▸ **WORK ITEM**:
Write out each record exactly as given, but do not include the pictures.

▸ **RECORDS FOR PROCESSING**:
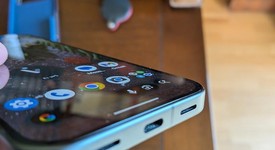 Mint
													Google Pixel 10 - Unlocked, Obsidian, 256 GB, GLBW0, photo 5 of 8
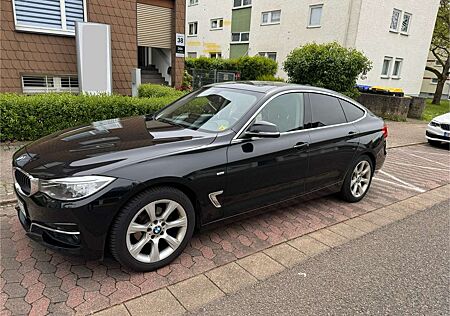 BMW 320i 320 xDrive GT Aut.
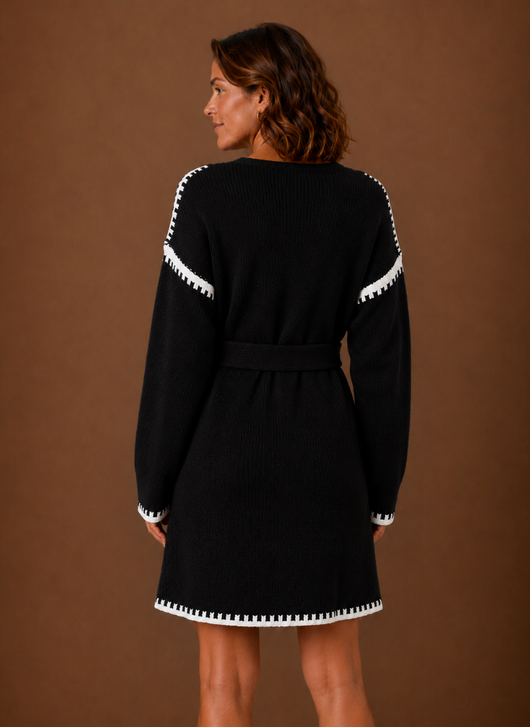 Damen Strickkleid mit V-Ausschnitt und Gürtel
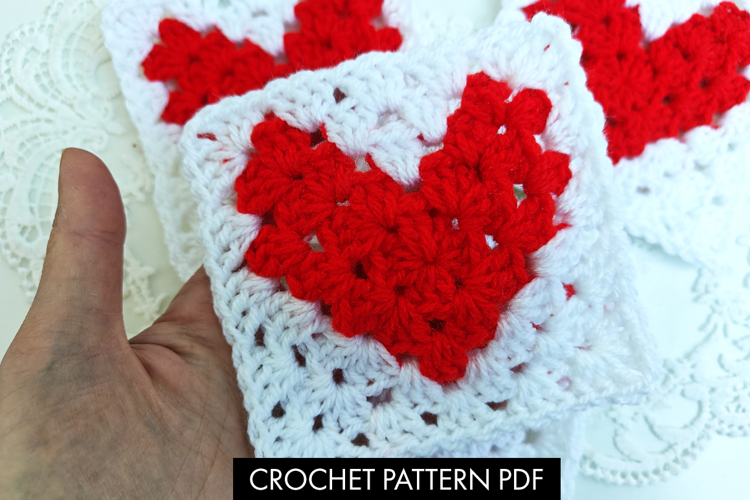 Pixel Heart Granny Square Pattern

▸ **SOLUTION TO THIS EXERCISE**:
 Mint
													Google Pixel 10 - Unlocked, Obsidian, 256 GB, GLBW0, photo 5 of 8
 BMW 320i 320 xDrive GT Aut.
 Damen Strickkleid mit V-Ausschnitt und Gürtel
 Pixel Heart Granny Square Pattern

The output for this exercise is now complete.